Theorem: Let $z_0 \in \mathbb{C}$. The following Taylor series holds: $$\sin(z)=\displaystyle\sum_{k=0}^{\infty} \dfrac{(-1)^k(z-z_0)^{2k+1}}{(2k+1)!},$$ where $\sin$ denotes the sine function.

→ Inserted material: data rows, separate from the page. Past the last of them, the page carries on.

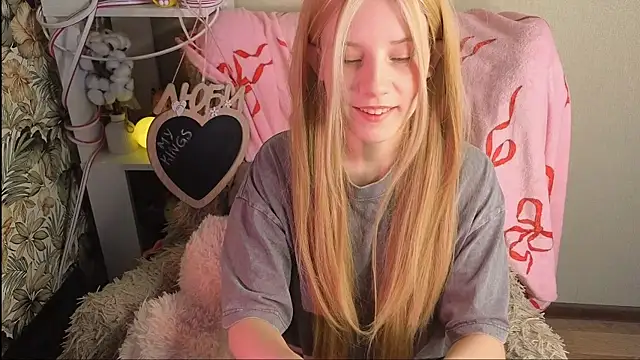 sarakaell online show from March 2026 01:44:02 AM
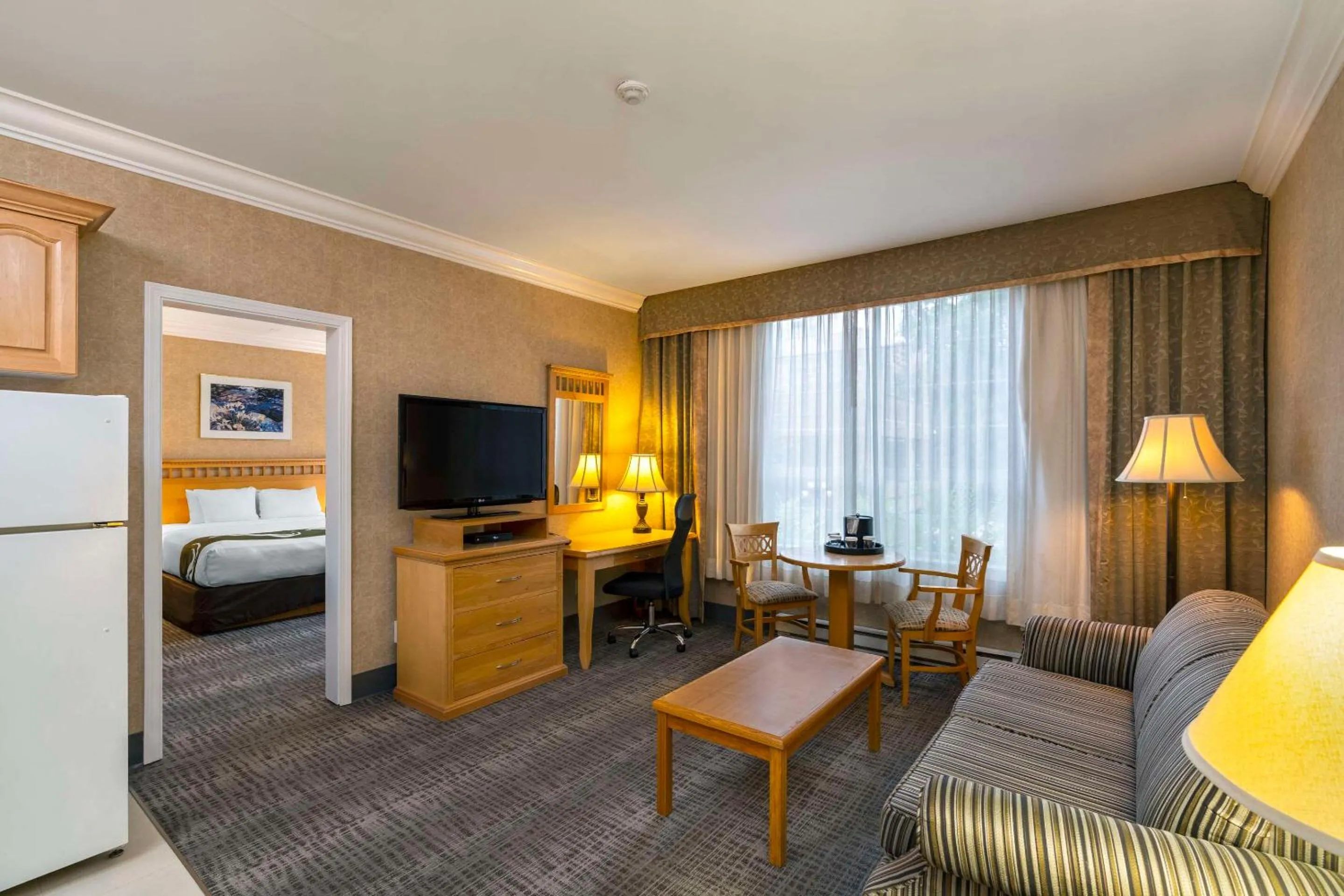 Bedroom, Bed in Quality Inn Downtown Inner Harbour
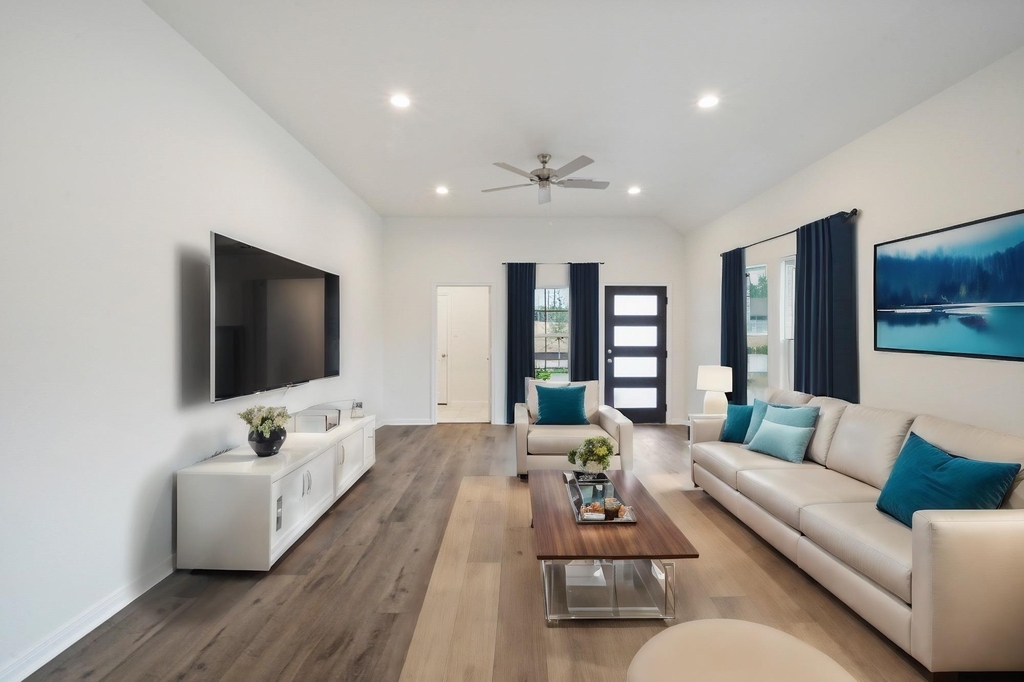 11703 Eclipse Drive - Photo 3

Proof: Using the Taylor series of the exponential function, and the definition of $\sin$, $$\begin{array}{ll} \sin(z) &= \dfrac{e^{iz}-e^{-iz}}{2i} \\ &= \dfrac{1}{2i} \left[ \displaystyle\sum_{k=0}^{\infty} \dfrac{i^k z^k}{k!} - \displaystyle\sum_{k=0}^{\infty} \dfrac{(-1)^k i^k z^k}{k!} \right] \\ &= \dfrac{1}{2i} \displaystyle\sum_{k=0}^{\infty} \dfrac{z^k}{k!}i^k (1-(-1)^k). \end{array}$$ Note that if $k=2n$ is a positive even integer, then $$i^k(1-(-1)^k)=i^{2n}(1-(-1)^{2n})=0,$$ and if $k=2n+1$ is a positive odd integer, then $$i^k(1-(-1)^k)=i^{2n+1}(1-(-1)^{2n+1})=2i(-1)^n.$$ Hence we have derived $$\begin{array}{ll} \sin(z)&=\dfrac{1}{2i} \displaystyle\sum_{k=0}^{\infty} \dfrac{z^k}{k!}i^k (1-(-1)^k) \\ &=\displaystyle\sum_{k \mathrm{\hspace{2pt} odd},k>0}^{\infty} \dfrac{z^k}{k!}i^k (1-(-1)^k) \\ &= \displaystyle\sum_{n=0}^{\infty} \dfrac{(-1)^n z^{2n+1}}{(2n+1)!}, \end{array}$$ as was to be shown. █